My current training setup is a hyperparameter optimization using the TPEsampler from Optuna. For configuration we use Hydra. There is a very nice plugin that let's you define the hyperparameters in the config files using the sweep
argument. The consequence is that I run my train file with the --multirun
parameter and before each new trial starts, it checks the current status and proposes new parameters based off the results until that point.
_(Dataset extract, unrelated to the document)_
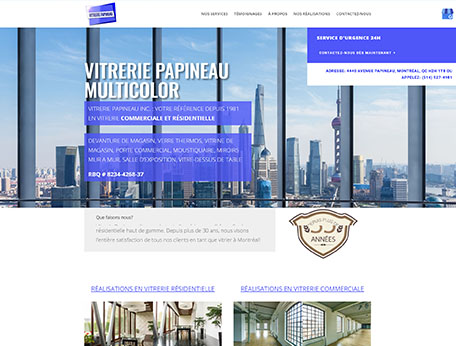 Vitrerie Papineau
I'm struggling a bit to integrate this setup with ClearML since the way hyperparameter optimization is handled is a bit different. I would prefer it nicely integrated since we get an overview/parent task and also the option to do parallel processing using remote agents (even if it comes at a slight cost since TPE is better serially).
I seem to have a couple of choices:
- Fix outside of ClearML. I could rewrite the configuration in code so that I can use the
HyperParameterOptimizer
from ClearML.
- Fix inside of ClearML. ClearML reads the config files that I already have and turns it into the ClearML way of working with the hyperparameters. This would require a change in the ClearML codebase, I think, since I cannot find a way to make this with the current codebase. I am willing to contribute if it's not a lot of work (I haven't really estimated the time it would cost me yet). However, this only makes sense if you're accepting PRs like this.
I am thinking that the second option is better for the community if it would be accepted and you'd be willing to support this. Would it be something you'd consider supporting?